Steamboat Springs Local chiropractor David Criste's ongoing legal dispute with the city of Steamboat Springs will go to District Court here this week.
Judge Richard Doucette is expected to hear the city's civil case seeking injunctive relief against Criste, as well as Criste's counterclaim. The trial begins at 8:30 a.m. Tuesday and is scheduled to continue through Thursday.
Witnesses scheduled to be called in this weeks civil trial of David Criste vs. the city of Steamboat Springs: For the plaintiff: City Attorney Tony Lettunich will call the following witnesses: former building department officials Ron Goodrich and Celeste Bacon, former city planners Karen Campbell and Anne Muhme, local surveyor Greg Hermann, former city manager Van James. In addition, Lettunich may call Jake Henry, David Criste and former city planner Karl Gabrielson to testify. For the defendant: Attorney Edward Serr will call the following witnesses: local banker Jim Simon, Goodrich, Paul Wellman, David Criste. In addition, Serr may may call the following witnesses to testify: Henry, City Council President Kevin Bennett, City Councilwoman Arianthtettner, Leslie Lovejoy, Bacon, Marty Pearlman, Muhme, Campbell and Paul Hands.

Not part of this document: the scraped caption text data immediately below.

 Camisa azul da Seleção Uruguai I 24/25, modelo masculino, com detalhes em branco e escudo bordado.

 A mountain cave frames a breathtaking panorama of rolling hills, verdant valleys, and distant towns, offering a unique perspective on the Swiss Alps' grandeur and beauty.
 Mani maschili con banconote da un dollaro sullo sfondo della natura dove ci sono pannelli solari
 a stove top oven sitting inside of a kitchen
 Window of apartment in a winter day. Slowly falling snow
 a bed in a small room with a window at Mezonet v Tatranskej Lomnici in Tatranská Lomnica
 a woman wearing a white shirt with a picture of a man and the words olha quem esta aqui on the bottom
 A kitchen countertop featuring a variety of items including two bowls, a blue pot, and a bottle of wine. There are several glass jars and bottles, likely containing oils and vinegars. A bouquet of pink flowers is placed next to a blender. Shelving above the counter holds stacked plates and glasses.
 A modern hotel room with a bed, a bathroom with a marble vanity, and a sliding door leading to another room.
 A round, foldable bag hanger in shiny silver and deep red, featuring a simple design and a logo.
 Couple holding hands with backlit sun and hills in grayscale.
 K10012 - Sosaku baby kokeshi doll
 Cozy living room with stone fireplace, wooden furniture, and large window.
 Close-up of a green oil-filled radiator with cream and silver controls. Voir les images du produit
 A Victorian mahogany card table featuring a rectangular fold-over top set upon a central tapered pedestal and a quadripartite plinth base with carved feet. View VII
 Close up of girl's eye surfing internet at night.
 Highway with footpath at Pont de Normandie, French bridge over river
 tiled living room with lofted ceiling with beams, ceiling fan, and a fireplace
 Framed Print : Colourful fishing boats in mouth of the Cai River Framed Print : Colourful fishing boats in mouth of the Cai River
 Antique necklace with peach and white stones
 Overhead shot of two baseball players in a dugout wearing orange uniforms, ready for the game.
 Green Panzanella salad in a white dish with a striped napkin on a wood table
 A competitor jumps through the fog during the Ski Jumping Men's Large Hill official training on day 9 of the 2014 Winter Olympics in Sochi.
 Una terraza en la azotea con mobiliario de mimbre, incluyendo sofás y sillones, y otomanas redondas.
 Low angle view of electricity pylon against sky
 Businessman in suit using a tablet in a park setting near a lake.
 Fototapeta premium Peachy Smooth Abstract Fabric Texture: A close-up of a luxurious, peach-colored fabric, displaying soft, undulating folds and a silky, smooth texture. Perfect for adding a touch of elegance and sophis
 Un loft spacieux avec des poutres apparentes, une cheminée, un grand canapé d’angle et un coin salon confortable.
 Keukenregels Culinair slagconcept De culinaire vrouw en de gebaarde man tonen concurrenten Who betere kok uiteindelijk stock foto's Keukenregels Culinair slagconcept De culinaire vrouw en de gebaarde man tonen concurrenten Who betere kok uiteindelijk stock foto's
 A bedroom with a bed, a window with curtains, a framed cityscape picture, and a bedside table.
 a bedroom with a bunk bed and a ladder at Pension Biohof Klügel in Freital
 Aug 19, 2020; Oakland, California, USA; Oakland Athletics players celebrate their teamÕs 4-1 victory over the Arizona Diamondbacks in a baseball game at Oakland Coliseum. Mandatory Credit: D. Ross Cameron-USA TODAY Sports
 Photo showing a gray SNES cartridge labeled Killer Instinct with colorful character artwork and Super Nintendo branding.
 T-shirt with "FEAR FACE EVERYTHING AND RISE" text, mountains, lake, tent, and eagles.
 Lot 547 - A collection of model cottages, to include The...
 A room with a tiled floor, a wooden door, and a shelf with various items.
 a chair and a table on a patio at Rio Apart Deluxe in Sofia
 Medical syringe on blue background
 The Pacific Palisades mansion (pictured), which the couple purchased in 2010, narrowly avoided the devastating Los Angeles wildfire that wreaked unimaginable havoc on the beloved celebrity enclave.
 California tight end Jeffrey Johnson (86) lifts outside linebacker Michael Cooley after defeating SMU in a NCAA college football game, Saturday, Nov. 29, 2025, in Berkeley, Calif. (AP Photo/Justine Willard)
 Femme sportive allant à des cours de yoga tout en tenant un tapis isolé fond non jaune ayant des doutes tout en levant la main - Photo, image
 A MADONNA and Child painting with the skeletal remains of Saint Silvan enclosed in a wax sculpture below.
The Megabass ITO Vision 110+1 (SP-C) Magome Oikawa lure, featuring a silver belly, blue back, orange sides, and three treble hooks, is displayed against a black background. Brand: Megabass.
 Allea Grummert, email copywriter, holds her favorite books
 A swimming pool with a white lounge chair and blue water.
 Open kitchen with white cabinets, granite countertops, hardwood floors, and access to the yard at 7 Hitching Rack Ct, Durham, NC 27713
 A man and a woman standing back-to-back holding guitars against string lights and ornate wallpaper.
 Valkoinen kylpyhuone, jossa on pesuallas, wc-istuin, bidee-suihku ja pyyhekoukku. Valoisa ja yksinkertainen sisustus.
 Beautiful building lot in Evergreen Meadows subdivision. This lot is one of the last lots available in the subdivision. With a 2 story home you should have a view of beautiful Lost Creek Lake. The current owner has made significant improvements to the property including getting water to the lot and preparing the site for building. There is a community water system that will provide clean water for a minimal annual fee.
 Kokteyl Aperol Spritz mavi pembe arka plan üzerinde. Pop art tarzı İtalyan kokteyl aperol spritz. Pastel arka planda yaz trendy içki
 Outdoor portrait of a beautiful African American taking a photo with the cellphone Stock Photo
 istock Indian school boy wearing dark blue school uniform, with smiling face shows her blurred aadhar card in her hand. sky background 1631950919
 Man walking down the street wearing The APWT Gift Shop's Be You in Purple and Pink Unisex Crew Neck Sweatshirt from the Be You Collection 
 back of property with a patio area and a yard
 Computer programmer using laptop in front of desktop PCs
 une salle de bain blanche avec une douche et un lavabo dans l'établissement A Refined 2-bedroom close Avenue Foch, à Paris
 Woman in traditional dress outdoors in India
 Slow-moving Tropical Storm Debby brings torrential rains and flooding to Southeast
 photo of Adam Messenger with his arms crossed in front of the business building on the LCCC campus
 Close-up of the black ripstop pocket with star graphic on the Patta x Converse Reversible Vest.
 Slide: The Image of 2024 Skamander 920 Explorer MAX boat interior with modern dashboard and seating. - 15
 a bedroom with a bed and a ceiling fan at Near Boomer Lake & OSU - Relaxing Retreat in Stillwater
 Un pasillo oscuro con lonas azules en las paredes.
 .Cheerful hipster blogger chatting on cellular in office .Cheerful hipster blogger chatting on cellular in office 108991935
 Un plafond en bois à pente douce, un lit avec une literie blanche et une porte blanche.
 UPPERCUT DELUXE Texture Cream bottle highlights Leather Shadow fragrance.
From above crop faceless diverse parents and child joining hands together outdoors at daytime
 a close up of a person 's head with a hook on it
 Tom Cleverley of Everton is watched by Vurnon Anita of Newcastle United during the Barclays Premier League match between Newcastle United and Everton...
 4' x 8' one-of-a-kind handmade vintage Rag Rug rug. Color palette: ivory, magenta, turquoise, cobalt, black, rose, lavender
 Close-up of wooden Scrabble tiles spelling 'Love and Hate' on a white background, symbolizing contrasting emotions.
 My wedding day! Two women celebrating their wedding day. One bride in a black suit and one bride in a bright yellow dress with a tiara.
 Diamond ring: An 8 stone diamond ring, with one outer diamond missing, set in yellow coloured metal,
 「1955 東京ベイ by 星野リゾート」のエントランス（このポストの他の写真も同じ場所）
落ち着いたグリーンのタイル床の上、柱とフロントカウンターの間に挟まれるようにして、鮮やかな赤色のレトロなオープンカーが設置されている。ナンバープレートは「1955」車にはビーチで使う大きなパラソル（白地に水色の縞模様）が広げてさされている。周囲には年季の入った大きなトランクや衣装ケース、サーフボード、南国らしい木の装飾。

If the city prevails, Criste would be required to make his building at 434 Oak St. comply with his original 1993 development permit for an addition to his office and residence. In practical terms, that could mean he would have to tear down the addition, which is largely complete. If Criste prevails, the city could have to allow him to complete the addition.
This week's court case is a "trial to the court" meaning there will not be a jury. However City Attorney Tony Lettunich, and Criste's attorney, Edward Serr, are both expected to call witnesses.
Criste already has initiated a second lawsuit against the city. Filed in U.S. District Court in Denver in March, it alleges the city has violated Criste's civil rights and seeks an unspecified monetary award.
The dispute between Criste and the city revolves around his second-story addition and two levels of approval he had to acquire from the city. The first is the development permit, which was approved by the city Planning Commission and City Council. The second is a building permit, issued by the county building department and signed off on by a city planning official.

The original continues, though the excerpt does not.